Tim Johnson, Katie Keenan, Jonathan Pollack and Michael Eglit
Global Head of Blackstone Real Estate Debt Strategies; CEO of Blackstone Mortgage Trust and a Senior Managing Director in Blackstone Real Estate Debt Strategies; Global Head of Blackstone’s Structured Finance Group at Blackstone; Head of U.S. Originations for Blackstone Real Estate Debt Strategies at Blackstone
Last year's rank: 3
A rolling stone gathers no moss, or so they say, and one of our top firms has shown that a rolling Blackstone isn’t getting green and fuzzy, either.
While many firms sat back on their laurels amid uncertain market conditions, Blackstone Real Estate Debt Strategies (BREDS) leaned in, deploying capital across the firm’s high-conviction sectors of logistics, multifamily and hospitality. At a time when speed and certainty of execution was key, BREDS not only helped its 500-plus borrower base navigate the choppy environment but also took advantage of it itself by buying up performing debt securities at compelling returns.
During the year ending March 15, BREDS racked up $6 billion in U.S. originations — $12 billion globally — and brought its assets under management to $58.8 billion. Lending to the creme de la creme of private equity real estate owners, developers and financial institutions, the team continued to deliver the white glove BREDS experience its client base is accustomed to, despite market headwinds.

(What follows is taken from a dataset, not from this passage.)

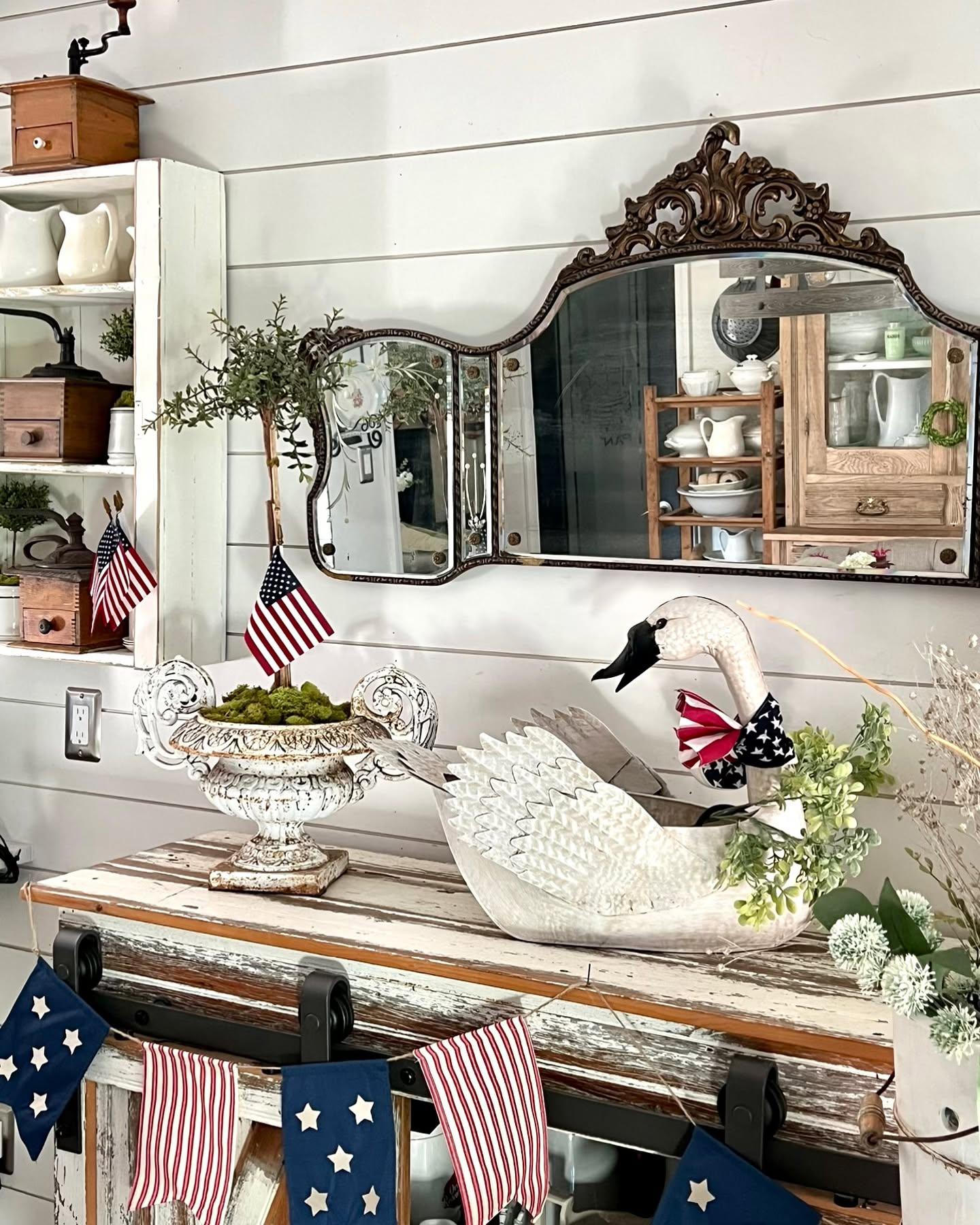 Frame a Cabinet Display with an Ornate Tri-Panel Mirror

Michael Eglit describes the past 12 months as “one of the most unique and interesting 12-month periods. We’ve seen economic turmoil, increased volatility and some really interesting changes in the market, and I’m very proud of the way our team navigated this challenging year.”
With its flexible capital mandate, BREDS can provide first mortgages, subordinate debt, fixed-rate loans or floating-rate loans, but the platform was active in providing lower-leverage first mortgages — mainly through its insurance capital — and deploying private fund capital.
Leveraging the substantial data resources and infrastructure it has at its fingertips, BREDS was able to make informed investment decisions in real time, extrapolating information from its portfolio companies to identify compelling lending opportunities. “We’re never guessing,” Eglit said. “As a result, during difficult times we have the opportunity to look at our extensive internal data to find great lending opportunities.”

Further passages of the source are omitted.